▼▼▼

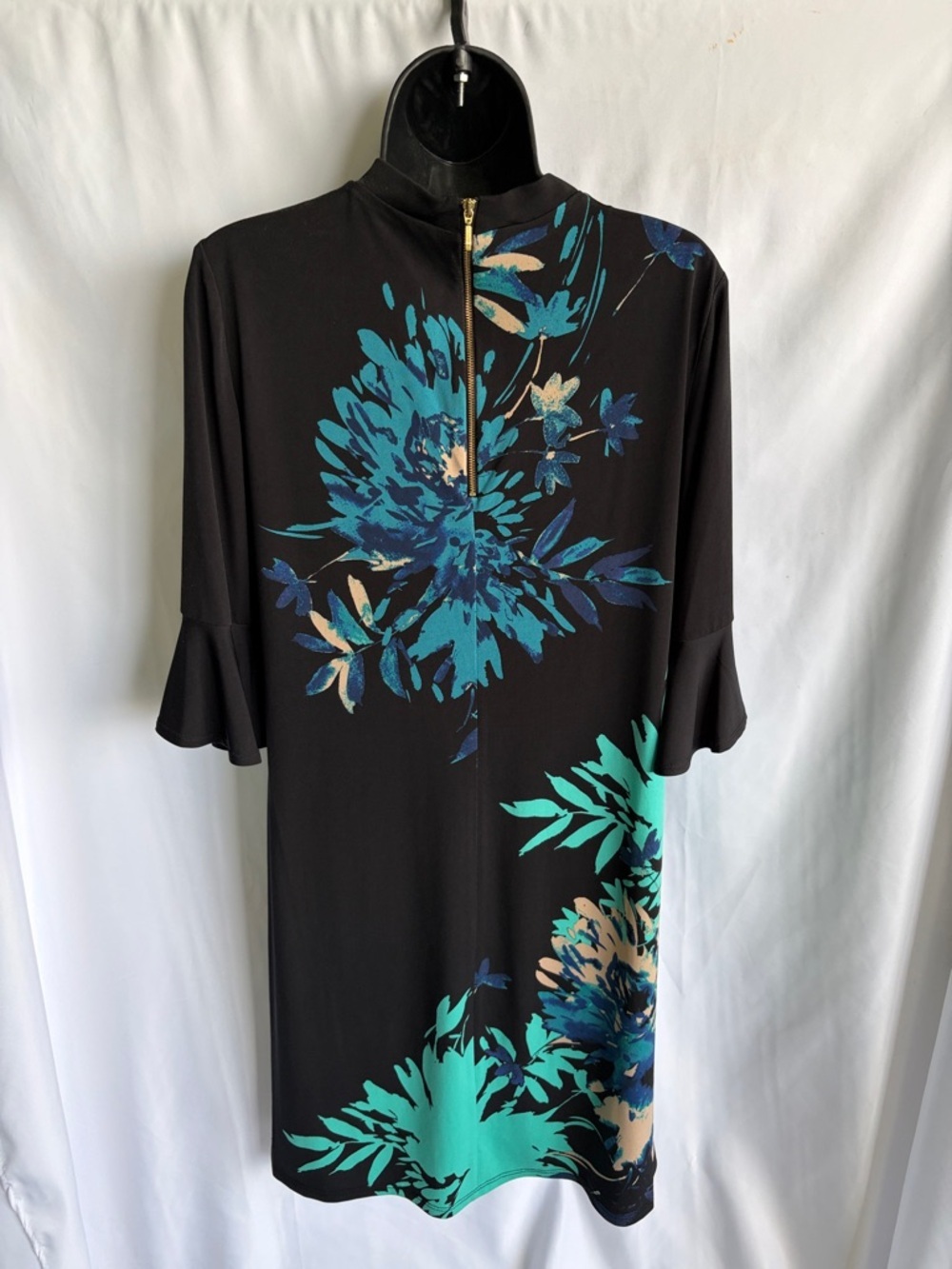 Roz & Ali Floral Print 3/4 Bell Sleeve, keyhole collar, sz M, 19” PTP, 37” L - Picture 2 of 7
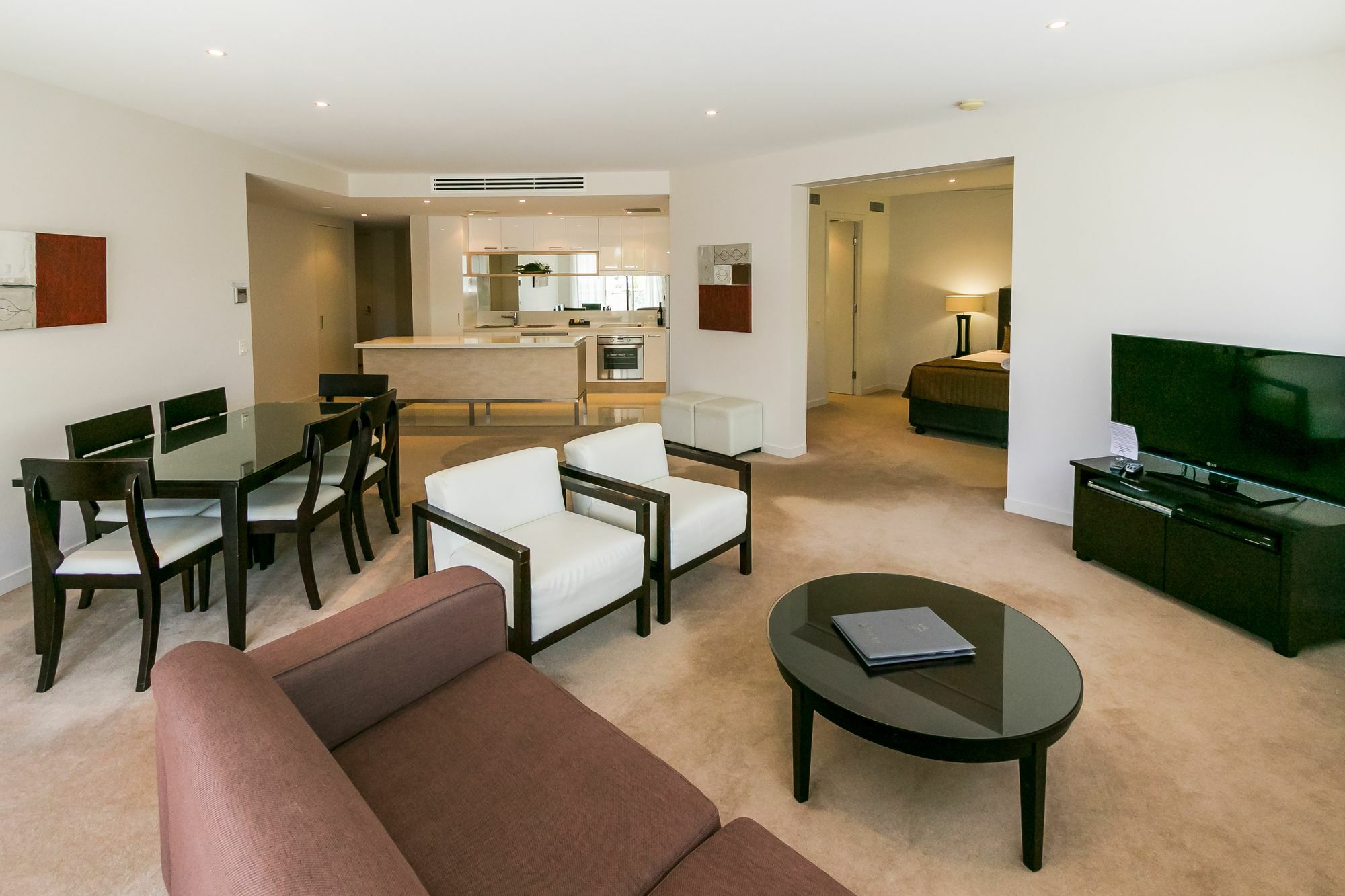 Grand Mercure Allegra Hervey Bay Dış mekan fotoğraf A typical apartment at the hotel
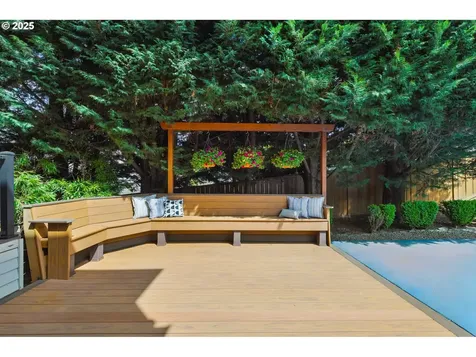 13888 SW Essex Drive Portland OR 97223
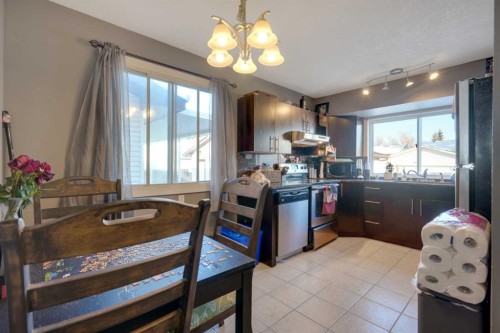 312 Pinegreen Close Ne, Calgary, AB 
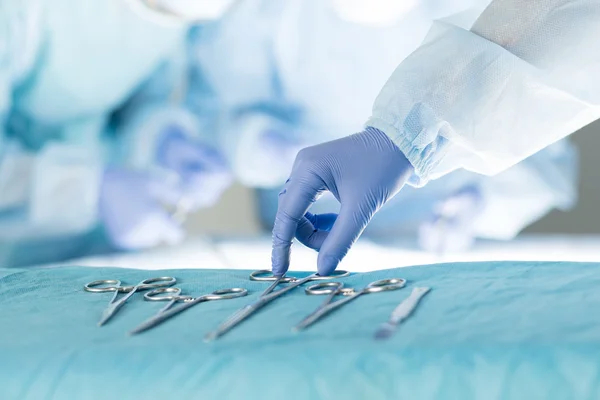 Close-up of scrub nurse taking medical instruments — Stock Photo, Image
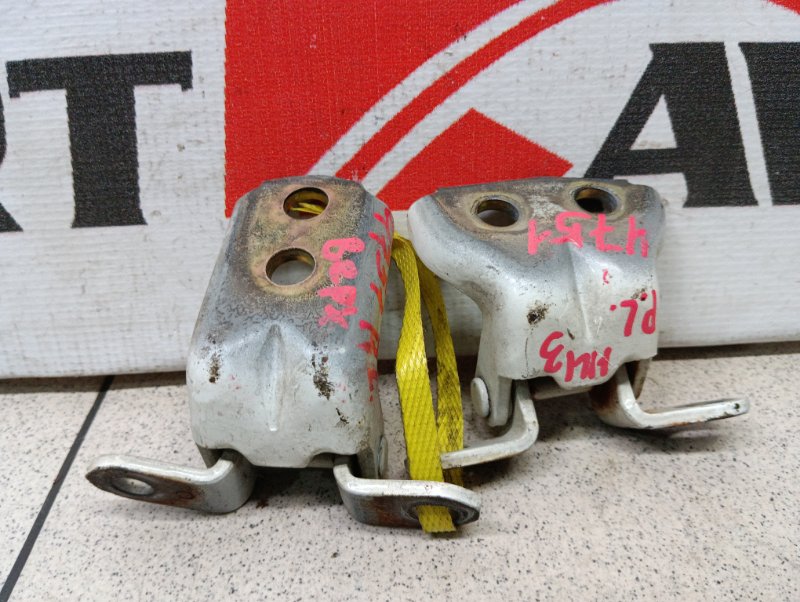 Петля двери NISSAN TINO V10 QG18DE 1998-2003 передний левый 442256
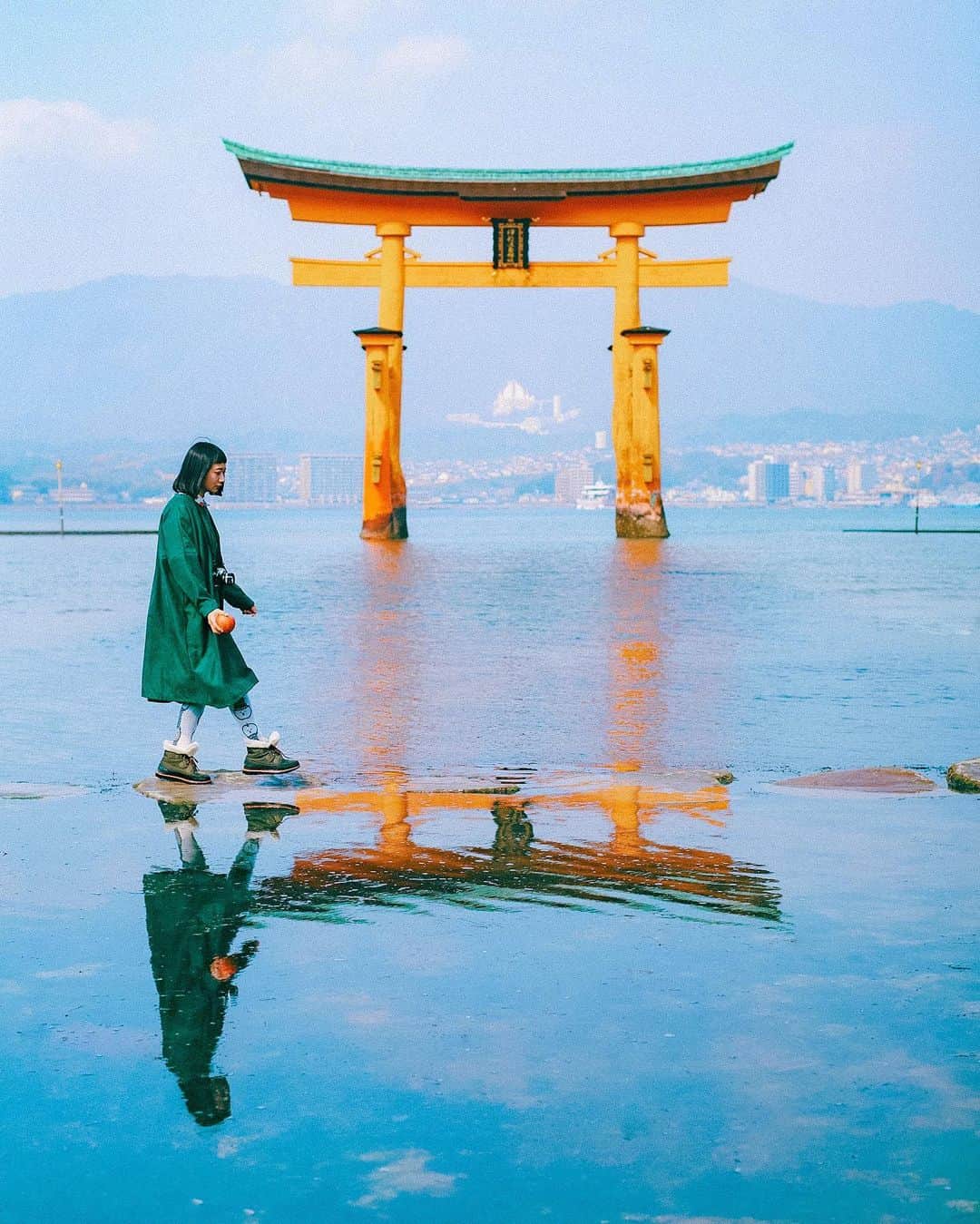 hiderin777のインスタグラム：「⛩ . . いつからだろう。 夏以外にも海に行くようになったのは。 . . . #海があるから #reco_ig  . . .」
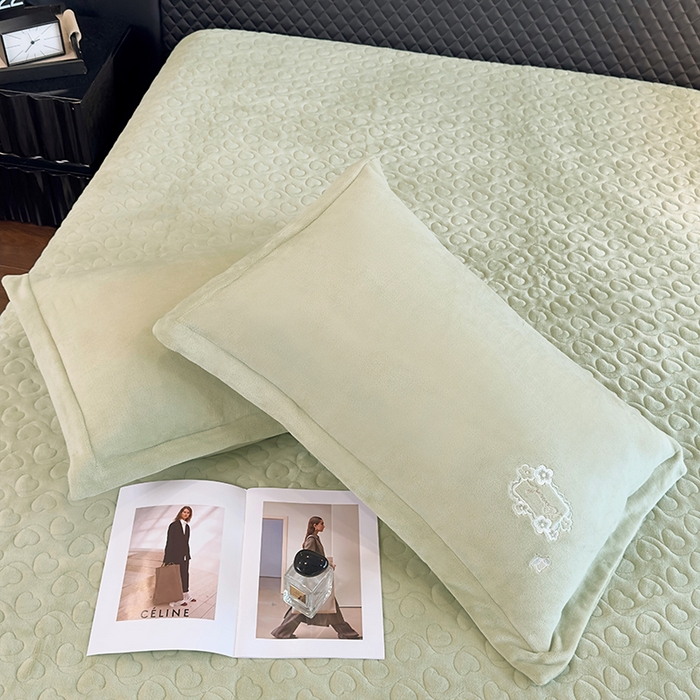 91家纺网 家纺一手货源 找家纺 （总）琉宿家纺 2025新款牛奶绒床盖款绣花四件套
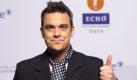 Der englische Popstar Robbie Williams (36) hat bekanntlich ein sehr gutes Verhältnis zu seiner Schwiegermutter Gwen Field. Die beiden teilen ihre Leidenschaft fürs Pokern und scheinen sich auch sonst bestens zu verstehen. Das erklärt, warum Williams überhaupt nichts dagegen gehabt haben soll, die Mutter seiner Frau Ayda in seiner Villa in Los Angeles aufzunehmen. Wie die Sun im Internet berichtet, hat Gwen Field finanzielle Probleme und kann angeblich die Hypothek auf ihr Haus nicht mehr zurückzahlen. Ein Insider bestätigte: Rob findet das (ihren Einzug) überhaupt nicht schlimm. Er spielt gern Karten mit ihr. Außerdem würde sich Robbies Schwiegermutter um die drei Hunde Wally, Maggie und Poops kümmern, wenn der wieder zu Take That zurückgekehrte Sänger und Ayda nicht zu Hause seien. (dpa) Foto: dpa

▲▲▲

## TASK DETAILS
Copy all of the material word for word, and include none of its pictures.

## RESULT OF THE TASK
 Roz & Ali Floral Print 3/4 Bell Sleeve, keyhole collar, sz M, 19” PTP, 37” L - Picture 2 of 7
 Grand Mercure Allegra Hervey Bay Dış mekan fotoğraf A typical apartment at the hotel
 13888 SW Essex Drive Portland OR 97223
 312 Pinegreen Close Ne, Calgary, AB 
 Close-up of scrub nurse taking medical instruments — Stock Photo, Image
 Петля двери NISSAN TINO V10 QG18DE 1998-2003 передний левый 442256
 hiderin777のインスタグラム：「⛩ . . いつからだろう。 夏以外にも海に行くようになったのは。 . . . #海があるから #reco_ig  . . .」
 91家纺网 家纺一手货源 找家纺 （总）琉宿家纺 2025新款牛奶绒床盖款绣花四件套
 Der englische Popstar Robbie Williams (36) hat bekanntlich ein sehr gutes Verhältnis zu seiner Schwiegermutter Gwen Field. Die beiden teilen ihre Leidenschaft fürs Pokern und scheinen sich auch sonst bestens zu verstehen. Das erklärt, warum Williams überhaupt nichts dagegen gehabt haben soll, die Mutter seiner Frau Ayda in seiner Villa in Los Angeles aufzunehmen. Wie die Sun im Internet berichtet, hat Gwen Field finanzielle Probleme und kann angeblich die Hypothek auf ihr Haus nicht mehr zurückzahlen. Ein Insider bestätigte: Rob findet das (ihren Einzug) überhaupt nicht schlimm. Er spielt gern Karten mit ihr. Außerdem würde sich Robbies Schwiegermutter um die drei Hunde Wally, Maggie und Poops kümmern, wenn der wieder zu Take That zurückgekehrte Sänger und Ayda nicht zu Hause seien. (dpa) Foto: dpa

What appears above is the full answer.